Binding Corporate Rules System under Review

Hot on the heels of the UK Information Commissioner’s approval of First Data’s binding corporate rules (BCRs), Viviane Reding, the Vice President of the European Commission and EU Justice Commissioner has signalled reform of the BCR scheme aimed at making BCRs even more effective. BCRs are a way of ensuring compliance with the complexities of European data protection law – they are particularly relevant to multinationals with business operations located in the EEA who need to transfer personal data to affiliates in jurisdictions outside of the EEA.

In a speech given to the International Association of Privacy Professionals’ (IAPP) inaugural Europe Data Protection Congress in Paris on 29 November 2011, Reding announced her plans as part of upcoming revisions to the EU data protection framework. Reding’s proposed reforms will be built around on 3 principles: simplification; consistent enforcement; and innovation. Above all, Reding proposes reform “compatible with small innovative companies’ endeavours to operate on a global scale” so that companies of all sizes and operating across all business models will be able to take advantage of BCRs.

Simplification. Under Reding’s proposal the BCR approval process would be streamlined with approval by one Data Protection Authority (DPA) resulting in automatic recognition by DPAs in all other member states without the need for consultation which currently operates across the 19 participating DPAs. This should help to speed up the approval process and reduce the burden on the applicant. Further, once BCRs are approved by a DPA, there would be no need for additional national authorisation prior to transfer, as is currently required in some member states (but not others, such as the UK).
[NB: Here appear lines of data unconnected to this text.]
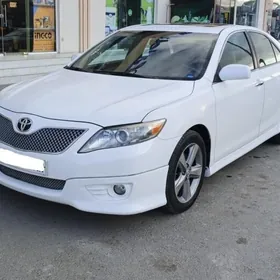Toyota Camry 2011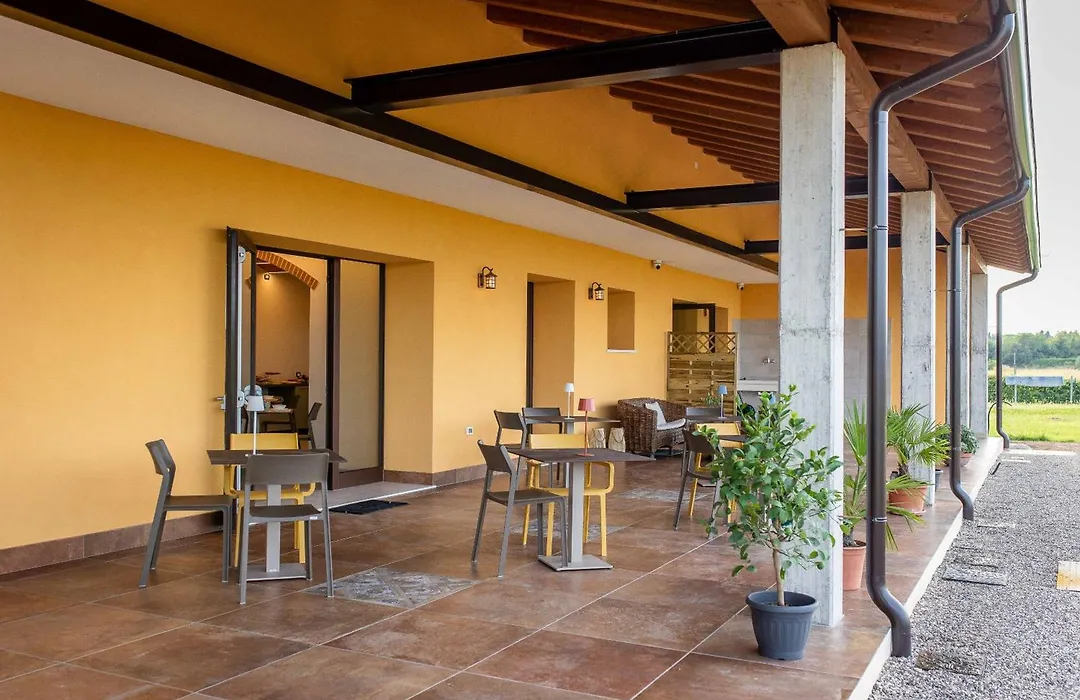 Agriturismo Corte Casa Erminia-1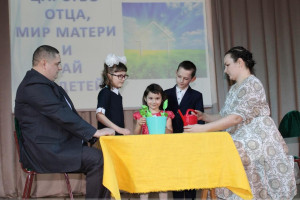 "В семье принято все делать сообща": многодетные родители Москалёвы из городского поселка Сураж рассказали о семейных ценностях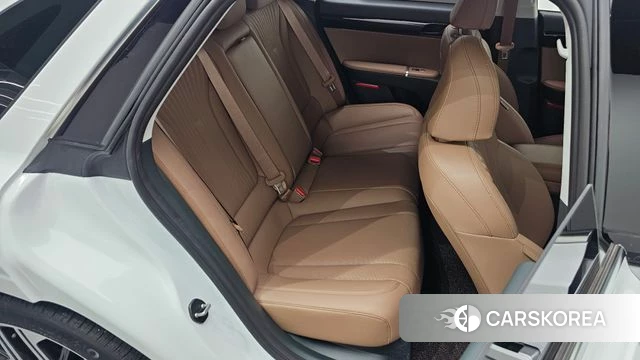 Hyundai Grandeur (GN7) id 4499451 из Кореи 18
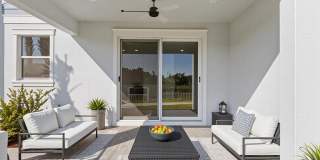 4404 Longwood Lake Square Gallery 69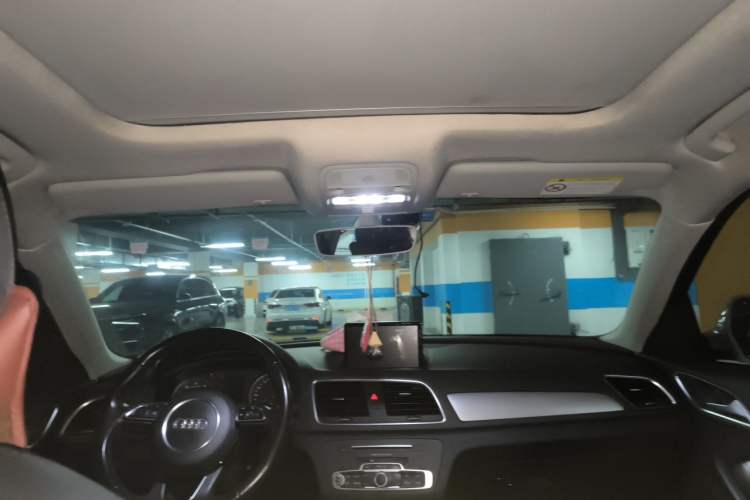 Used Audi Q3 2016 30 TFSI Fashion Model Headliner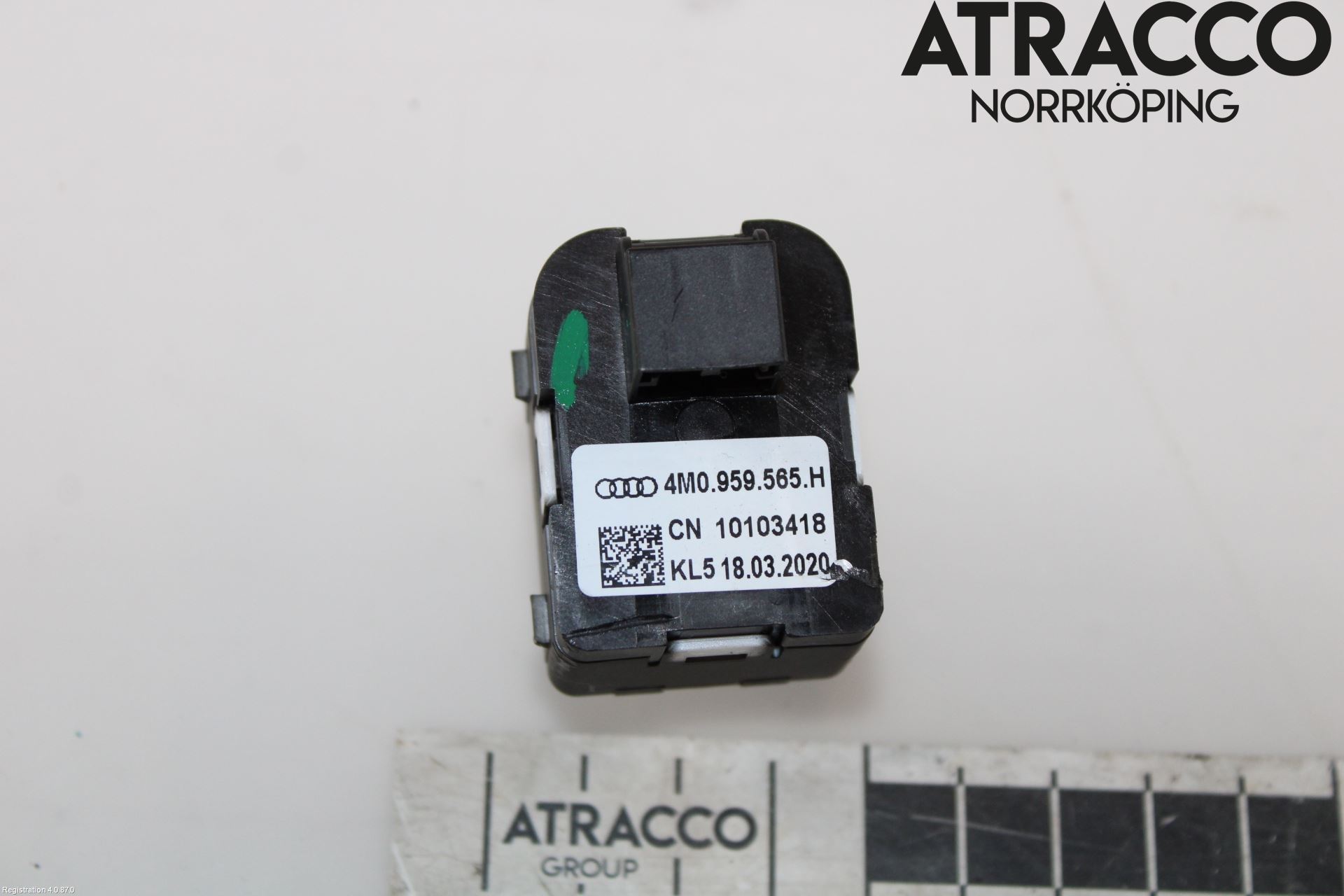 Audi A4/S4 B9 20- Bryter Speil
Consistent Enforcement. Reding outlines a vision of a more consistent approach to data protection and enforcement across Europe. DPAs can expect a levelling of regulations and enforcement powers on a consistent basis, putting companies which operate across European borders on a level playing field. Some DPAs will see an increase in their enforcement powers as a consequence. And BCRs would become directly binding within companies and with respect to third parties, meaning that they could be enforced through DPAs or directly by data subjects through the courts (as she says, there’s a clue in the name – binding means legally binding).
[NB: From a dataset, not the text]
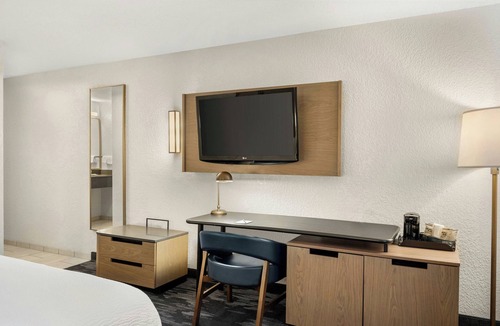 Mount Pleasant Hotel | Fairfield by Marriott Mt Pleasant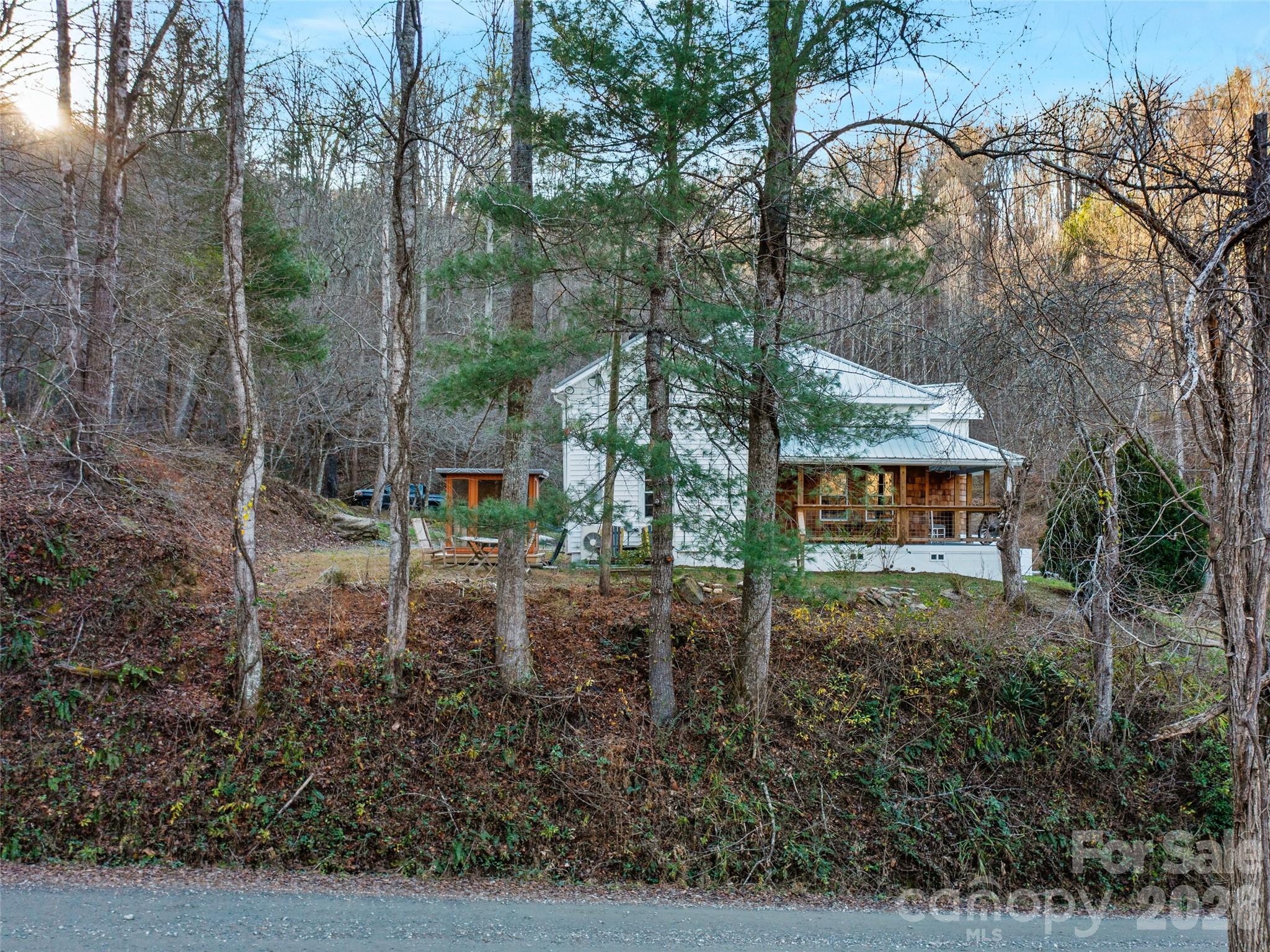 23 Katies Road Marshall NC 28753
Innovation. The subtitle to Reding’s speech “unleashing the potential of the digital single market and cloud computing” is a signpost for what is perhaps the most interesting and forward thinking part of her speech, where she states that the boundaries of traditional methods of regulation need to be pushed to enable European business to compete globally, including by embracing new technology (such as the cloud). Key here is Reding’s critique of the geographic restrictions of current regulation: “Data protection laws that apply only within a given territory just do not work in an era where information flows are global: personal data is stored in one country, effectively processed in another and the data subject is located in a completely different country.” The new BCRs will instead apply to “all internal and extra-EU transfers of any entity in a group of companies”. Establishment of BCRs by a corporate group will enable “one single document that governs the privacy policy of the whole group instead of a variety of different – and not always consistent – contracts.” The rules would also extend the use of BCRs to data processors – indeed all kinds of business models including cloud computing – whereas currently only data controllers may use them.

Of course, this is all fairly blue sky stuff and it will be interesting to see whether the implemented BCRs match the aim of a simpler and less burdensome set of rules governing the transfer data. It is encouraging to see a regulator thinking in such an enlightened manner and, although the detail remains to be worked out, Reding has clearly signalled her intention to make the adoption and use of BCRs significantly less complex and a more cost efficient way of facilitating intra-group transfers of personal data. “I encourage companies of all size to start working on their own binding corporate rules!”, she says. That said, companies considering embarking on the BCR journey might take a moment to pause for breadth whilst the detail of these reforms unfolds; for those already embarked, it will be interesting to see if and how the lead DPAs and the Article 29 Working Party decide to respond to the proposed reforms.